Plaintiff suffered severe injuries.

The matters above recited do not appear to be in serious dispute.

Plaintiff alleged that the proximate cause of the collision which caused the Rank car to strike and injure her was the negligence of each and both of the defendants. Plaintiff alleged the negligence of Smollen to be driving in excess of the speed limit and at 35 miles per hour; failure to keep a reasonable lookout for cars approaching from his right; failure to yield right-of-way to the Rank car although the Rank car had the right-of-way; failure to keep his car under control so as to avoid a collision with *392 an automobile approaching from the right; failure to look or if he looked, failure to see the Rank car; failure to stop although he had time to do so; and failure to apply his brakes in time to avoid a collision.

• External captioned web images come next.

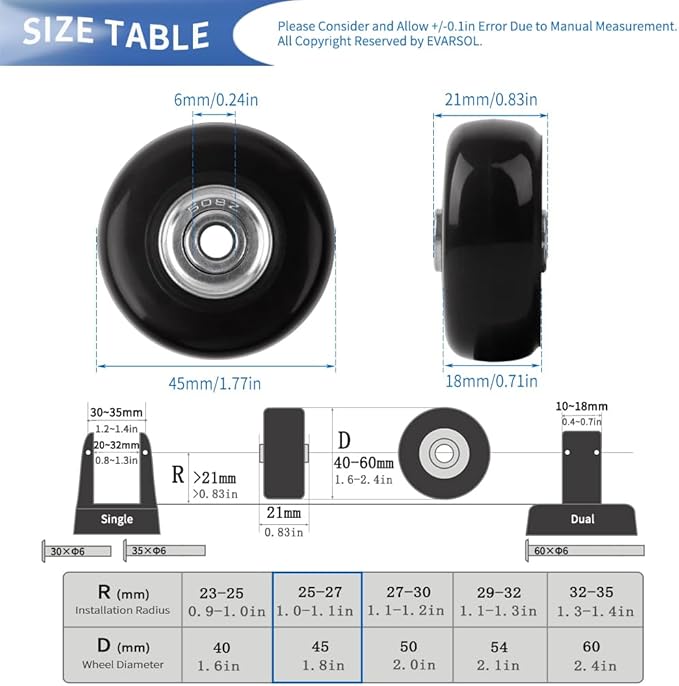 45mm 4PCS Luggage Replacement Wheels & Hacksaw for Trolley Case Bags; Inline, Swivel, Rubber & Roller Bearings Repair Kits with Axles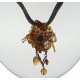 Flower Costume Jewellery Accessories, Fashion Women Girls Small Gift, Brown Fusion Floral Multi Strand Black Cord Necklace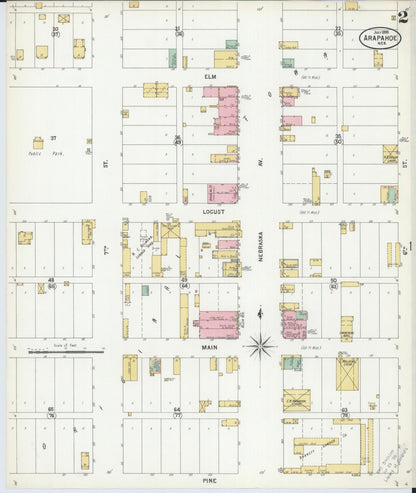 Sanborn Fire Insurance Map from Arapahoe, Furnas County, Nebraska (1899), Sheet #0002 - Complete Map Set gallery image, historic Sanborn map, vintage wall art, Nebraska Nebraska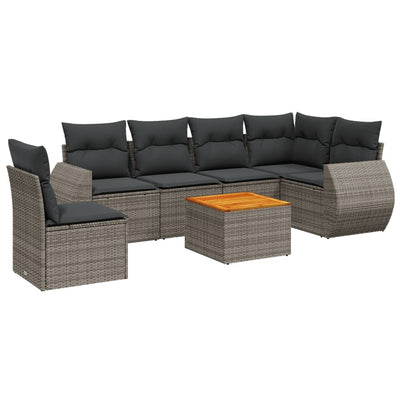 7 Piece Garden Sofa Set with Cushions Grey Poly Rattan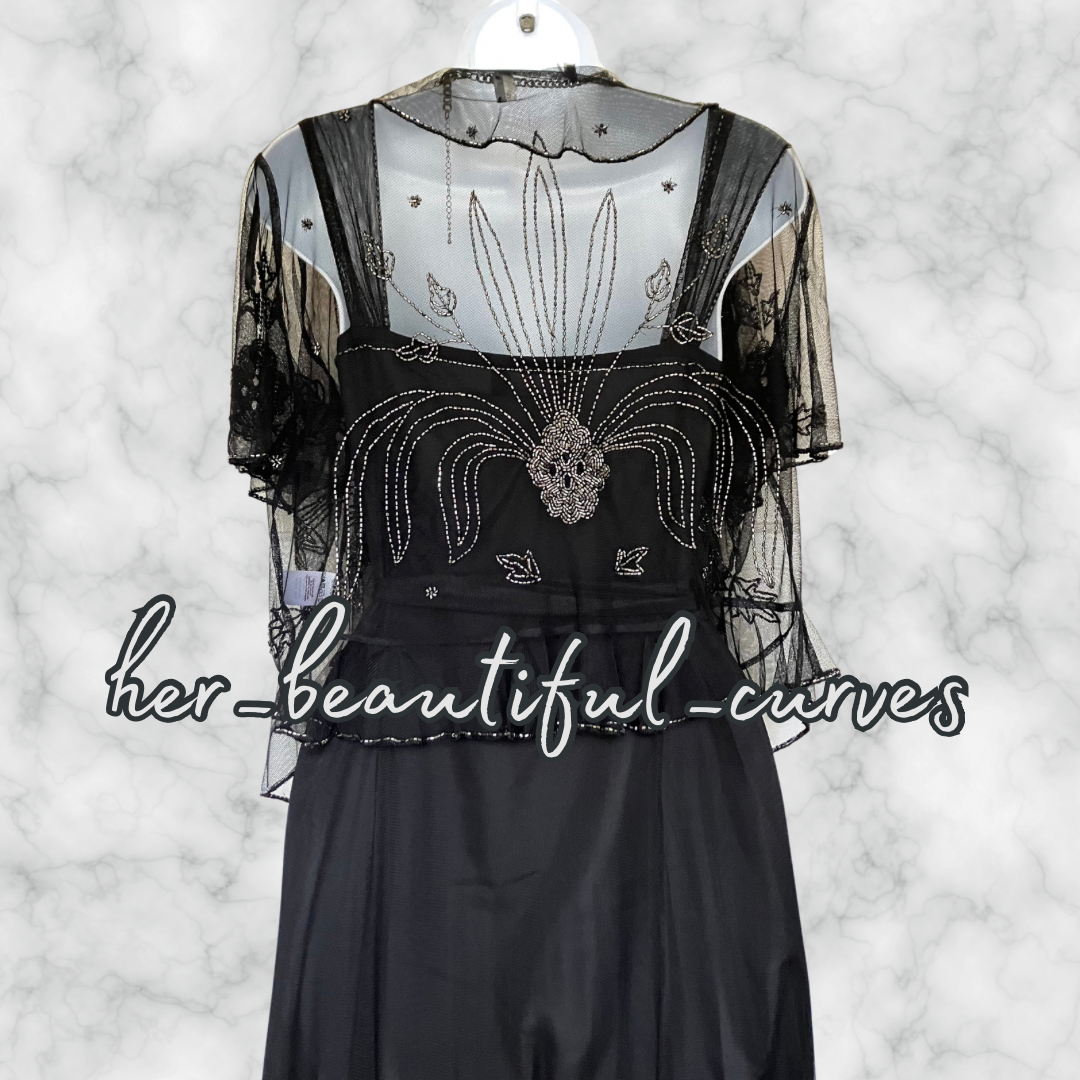 LADIES BLACK BEADED EMBELLISHED OCCASION PARTY DRESS & BOLERO SIZE 16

Plaintiff alleged negligence of the defendant Rank in that he was driving in excess of the speed limit and at the rate of 35 miles per hour; failure to keep a lookout for cars approaching from the west; failure to see the Smollen car that was in plain sight; failure to stop or avoid the collision although he had time to do so; failure to apply his brakes to avoid the collision; failure to guide his car so as to avoid a collision between his car and the plaintiff; and failure to apply his brakes so as to avoid striking plaintiff.

Smollen answered, denied negligence, and alleged negligence of Rank for failure to keep a proper lookout; failure to have his automobile under control; failure to yield the right-of-way to Smollen who had entered the intersection first; failure to stop after he saw or should have seen Smollen's car in the intersection; failure to turn to avoid a collision; negligence in driving his car into the car of Smollen; and failure to apply his brakes in time to avoid the collision.

Rank answered and admitted as true the allegations of plaintiff as to the negligence of Smollen, except as traversed in the answer. He denied negligence, and alleged the operation of his car at a "slow, lawful, proper and moderate rate of speed"; that he entered the intersection first; that the speed of Smollen was excessive; and that so far as he was concerned the accident was unavoidable and that he was without blame. He further alleged that as a result of the collision he was thrown against the windshield and rendered unconscious; and that the movement of his car thereafter was not caused by any conscious or voluntary act or omission on his part.

At the close of plaintiff's case-in-chief and at the close of all the evidence, each defendant moved separately for a directed verdict and later for a judgment notwithstanding the verdict. These motions are based on a contended insufficiency of the evidence to prove actionable negligence as to each defendant.

The applicable rules are:

"Where, in a jury trial, a defendant, when plaintiff rests, moves for a verdict in his favor, and upon the overruling of such motion, without protest, proceeds with the trial and introduces evidence in support of the defenses set up in his answer, he thereby waives the right to assign error in the ruling upon such motion." Bradstreet v. Grand Island Banking Co., 89 Neb. 590, 131 N.W. 956. See, also, Russell v. Electric Garage Co., 90 Neb. 719, 134 N.W. 253.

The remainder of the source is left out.